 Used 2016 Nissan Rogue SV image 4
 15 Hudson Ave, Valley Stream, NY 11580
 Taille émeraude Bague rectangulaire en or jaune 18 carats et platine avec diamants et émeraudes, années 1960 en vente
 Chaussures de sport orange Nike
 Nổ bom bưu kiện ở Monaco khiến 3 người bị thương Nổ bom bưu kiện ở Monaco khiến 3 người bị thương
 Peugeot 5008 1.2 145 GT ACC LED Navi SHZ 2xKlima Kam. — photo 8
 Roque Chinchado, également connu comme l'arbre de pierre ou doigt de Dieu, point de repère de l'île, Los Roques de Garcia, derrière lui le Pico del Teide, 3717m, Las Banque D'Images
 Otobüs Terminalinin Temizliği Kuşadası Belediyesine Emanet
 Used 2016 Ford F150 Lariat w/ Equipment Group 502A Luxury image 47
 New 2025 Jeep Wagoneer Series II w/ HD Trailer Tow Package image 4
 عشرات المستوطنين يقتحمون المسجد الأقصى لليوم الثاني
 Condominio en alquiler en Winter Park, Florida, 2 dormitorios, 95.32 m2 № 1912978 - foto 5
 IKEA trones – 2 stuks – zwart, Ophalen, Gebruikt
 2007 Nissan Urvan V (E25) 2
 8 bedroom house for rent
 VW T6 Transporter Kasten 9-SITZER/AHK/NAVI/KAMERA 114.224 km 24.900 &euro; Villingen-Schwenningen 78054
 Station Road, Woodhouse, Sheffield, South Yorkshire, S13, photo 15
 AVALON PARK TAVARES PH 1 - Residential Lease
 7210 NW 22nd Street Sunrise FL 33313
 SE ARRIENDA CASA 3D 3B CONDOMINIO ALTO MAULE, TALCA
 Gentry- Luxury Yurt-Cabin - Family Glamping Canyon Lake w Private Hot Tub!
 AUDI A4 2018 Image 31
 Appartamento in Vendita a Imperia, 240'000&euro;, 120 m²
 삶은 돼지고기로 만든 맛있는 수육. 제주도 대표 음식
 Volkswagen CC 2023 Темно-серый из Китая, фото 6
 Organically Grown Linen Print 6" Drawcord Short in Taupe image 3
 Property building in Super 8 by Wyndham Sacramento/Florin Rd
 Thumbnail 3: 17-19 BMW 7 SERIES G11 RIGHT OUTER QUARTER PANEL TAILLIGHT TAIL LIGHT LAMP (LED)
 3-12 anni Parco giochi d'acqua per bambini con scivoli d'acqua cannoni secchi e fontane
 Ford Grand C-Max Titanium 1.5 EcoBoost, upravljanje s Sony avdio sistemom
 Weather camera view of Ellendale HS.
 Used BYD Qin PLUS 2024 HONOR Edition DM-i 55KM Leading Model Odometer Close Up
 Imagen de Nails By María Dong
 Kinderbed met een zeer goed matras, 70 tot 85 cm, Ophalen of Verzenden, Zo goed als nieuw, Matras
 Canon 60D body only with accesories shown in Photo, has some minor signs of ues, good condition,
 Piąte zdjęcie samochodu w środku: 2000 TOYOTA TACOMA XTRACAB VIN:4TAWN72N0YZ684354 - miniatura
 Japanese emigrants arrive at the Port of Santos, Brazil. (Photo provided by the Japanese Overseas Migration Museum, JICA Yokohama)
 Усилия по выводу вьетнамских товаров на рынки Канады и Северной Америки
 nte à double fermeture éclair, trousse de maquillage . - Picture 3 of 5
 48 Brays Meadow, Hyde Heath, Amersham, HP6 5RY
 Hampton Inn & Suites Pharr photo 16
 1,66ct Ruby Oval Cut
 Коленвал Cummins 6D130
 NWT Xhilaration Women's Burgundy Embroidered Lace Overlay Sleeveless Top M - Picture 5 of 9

****************

**THE PROBLEM**
Output the records exactly.

**ANSWER SECTION**
 Used 2016 Nissan Rogue SV image 4
 15 Hudson Ave, Valley Stream, NY 11580
 Taille émeraude Bague rectangulaire en or jaune 18 carats et platine avec diamants et émeraudes, années 1960 en vente
 Chaussures de sport orange Nike
 Nổ bom bưu kiện ở Monaco khiến 3 người bị thương Nổ bom bưu kiện ở Monaco khiến 3 người bị thương
 Peugeot 5008 1.2 145 GT ACC LED Navi SHZ 2xKlima Kam. — photo 8
 Roque Chinchado, également connu comme l'arbre de pierre ou doigt de Dieu, point de repère de l'île, Los Roques de Garcia, derrière lui le Pico del Teide, 3717m, Las Banque D'Images
 Otobüs Terminalinin Temizliği Kuşadası Belediyesine Emanet
 Used 2016 Ford F150 Lariat w/ Equipment Group 502A Luxury image 47
 New 2025 Jeep Wagoneer Series II w/ HD Trailer Tow Package image 4
 عشرات المستوطنين يقتحمون المسجد الأقصى لليوم الثاني
 Condominio en alquiler en Winter Park, Florida, 2 dormitorios, 95.32 m2 № 1912978 - foto 5
 IKEA trones – 2 stuks – zwart, Ophalen, Gebruikt
 2007 Nissan Urvan V (E25) 2
 8 bedroom house for rent
 VW T6 Transporter Kasten 9-SITZER/AHK/NAVI/KAMERA 114.224 km 24.900 &euro; Villingen-Schwenningen 78054
 Station Road, Woodhouse, Sheffield, South Yorkshire, S13, photo 15
 AVALON PARK TAVARES PH 1 - Residential Lease
 7210 NW 22nd Street Sunrise FL 33313
 SE ARRIENDA CASA 3D 3B CONDOMINIO ALTO MAULE, TALCA
 Gentry- Luxury Yurt-Cabin - Family Glamping Canyon Lake w Private Hot Tub!
 AUDI A4 2018 Image 31
 Appartamento in Vendita a Imperia, 240'000&euro;, 120 m²
 삶은 돼지고기로 만든 맛있는 수육. 제주도 대표 음식
 Volkswagen CC 2023 Темно-серый из Китая, фото 6
 Organically Grown Linen Print 6" Drawcord Short in Taupe image 3
 Property building in Super 8 by Wyndham Sacramento/Florin Rd
 Thumbnail 3: 17-19 BMW 7 SERIES G11 RIGHT OUTER QUARTER PANEL TAILLIGHT TAIL LIGHT LAMP (LED)
 3-12 anni Parco giochi d'acqua per bambini con scivoli d'acqua cannoni secchi e fontane
 Ford Grand C-Max Titanium 1.5 EcoBoost, upravljanje s Sony avdio sistemom
 Weather camera view of Ellendale HS.
 Used BYD Qin PLUS 2024 HONOR Edition DM-i 55KM Leading Model Odometer Close Up
 Imagen de Nails By María Dong
 Kinderbed met een zeer goed matras, 70 tot 85 cm, Ophalen of Verzenden, Zo goed als nieuw, Matras
 Canon 60D body only with accesories shown in Photo, has some minor signs of ues, good condition,
 Piąte zdjęcie samochodu w środku: 2000 TOYOTA TACOMA XTRACAB VIN:4TAWN72N0YZ684354 - miniatura
 Japanese emigrants arrive at the Port of Santos, Brazil. (Photo provided by the Japanese Overseas Migration Museum, JICA Yokohama)
 Усилия по выводу вьетнамских товаров на рынки Канады и Северной Америки
 nte à double fermeture éclair, trousse de maquillage . - Picture 3 of 5
 48 Brays Meadow, Hyde Heath, Amersham, HP6 5RY
 Hampton Inn & Suites Pharr photo 16
 1,66ct Ruby Oval Cut
 Коленвал Cummins 6D130
 NWT Xhilaration Women's Burgundy Embroidered Lace Overlay Sleeveless Top M - Picture 5 of 9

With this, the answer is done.